Depuis un certain temps, le torchon brûle entre le barreau guinéen et les magistrats. La prestation de serment de 11 jeunes avocats à la Cour d’Appel, malgré l’opposition de l’Ordre des Avocats est l’étincelle qui a mis le feu aux poudres entre les deux camps. Les avocats ont dans la foulée annoncé le boycott de toutes les audiences jusqu’à nouvel ordre. Une position dénoncée par l’Association des Magistrats à l’issue d’une assemblée générale tenue à huit clos ce lundi, 30 septembre 2019, à la Cour d’Appel de Conakry, a constaté sur place Guineematin.com à travers un de ses reporters.

Les magistrats de Guinée se sont réunis pour se pencher sur la crise qui mine le système judiciaire après la décision des avocats de bouder les cours et tribunaux jusqu’à nouvel ordre. Au terme d’un huit clos de quatre heures, c’est le président de l’Association qui en a fait le compte-rendu.

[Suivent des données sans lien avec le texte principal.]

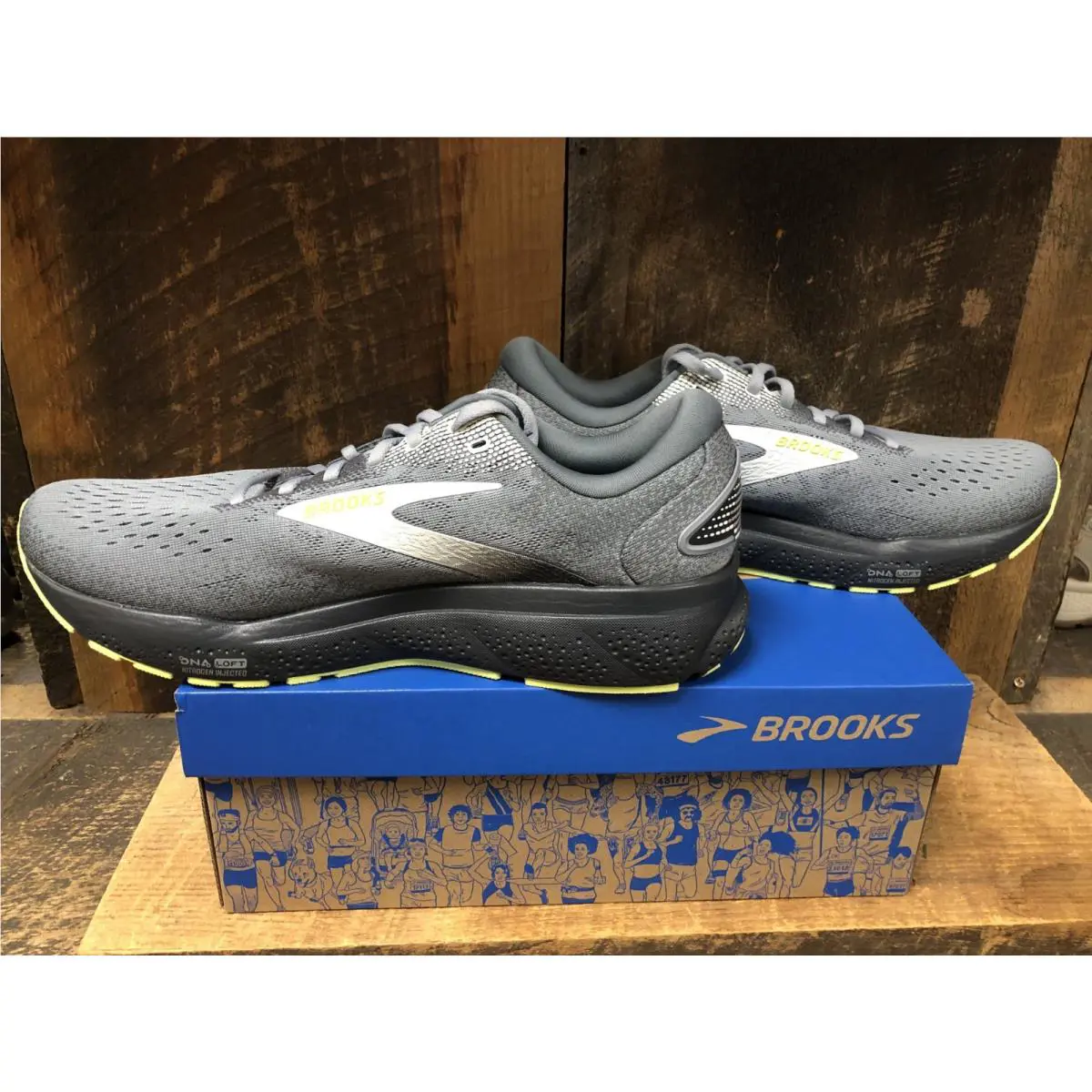 Brooks shoes - Brooks Ghost 16 - Ghost - Gray 9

Selon Mohamed Aly Thiam, deux points ont été abordés à cette assemblée : la colère des avocats et l’attaque verbale dont ils ont fait l’objet de la part du ministre de la sécurité.

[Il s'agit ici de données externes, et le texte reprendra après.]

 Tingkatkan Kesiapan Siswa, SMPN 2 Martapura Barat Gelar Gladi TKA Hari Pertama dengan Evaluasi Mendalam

« En ce qui concerne les avocats, nous allons nous entretenir, et on va faire une résolution qu’on va leur adresser aussi, pour leur dire que nous travaillons au nom du peuple et au service des citoyens. Il y a des décisions que nous ne pouvons pas prendre qui pourraient aller dans le sens contraire des intérêts des populations. Quand un avocat ou un magistrat décide de boycotter les audiences de justice, c’est contre les intérêts des citoyens, c’est contre les intérêts des justiciables qui se sont adressés à eux pour faire valoir leur droits. Nous ne sommes pas d’accord avec eux. Nous pensons que nous devons nous asseoir et nous dire certaines vérités pour que cela n’arrive pas. Parce qu’il y a l’intérêt d’abord des citoyens, ensuite ça paralyse l’Etat. Nous ne sommes pas d’accord avec eux », a lancé le président de l’Association des Magistrats de Guinée.

Lors d’une récente sortie médiatique, le ministre de la Sécurité, Alpha Ibrahima Kéira, a dénoncé l’attitude des magistrats qui libèrent les malfaiteurs mis aux arrêts par la police. Fustigeant de tels propos, Mohamed Aly Thiam a dit que cette sortie est une manière de mettre leur relation en mal avec les services de police. « Nous dénonçons les propos du ministre de la sécurité, quant à dire que nous libérons les prisonniers que les policiers arrêtent, comme s’il n y avait pas des règles de procédure qui nous emmènent à condamner ou à libérer. La présomption d’innocence est une règle fondamentale de notre système constitutionnel. Nous ne pouvons pas l’ignorer. Ce n’est pas parce qu’on a arrêté quelqu’un, immédiatement nous allons être le bras séculier de ceux qui arrêtent. Et puis, c’est une manière de mettre nos relations avec les services de police en mal. Cela ne doit pas venir d’une autorité gouvernementale. Que les policiers s’en plaignent, nous avons le droit de s’asseoir avec eux et d’en parler puisqu’il s’agit de relation de collaboration. Mais, le ministre de la sécurité ne peut pas monter au créneau pour tenir de tels propos qui mettent notre sécurité en danger. Parce que c’est une incitation des citoyens à la révolte et à la violence contre les magistrats », soutient-il.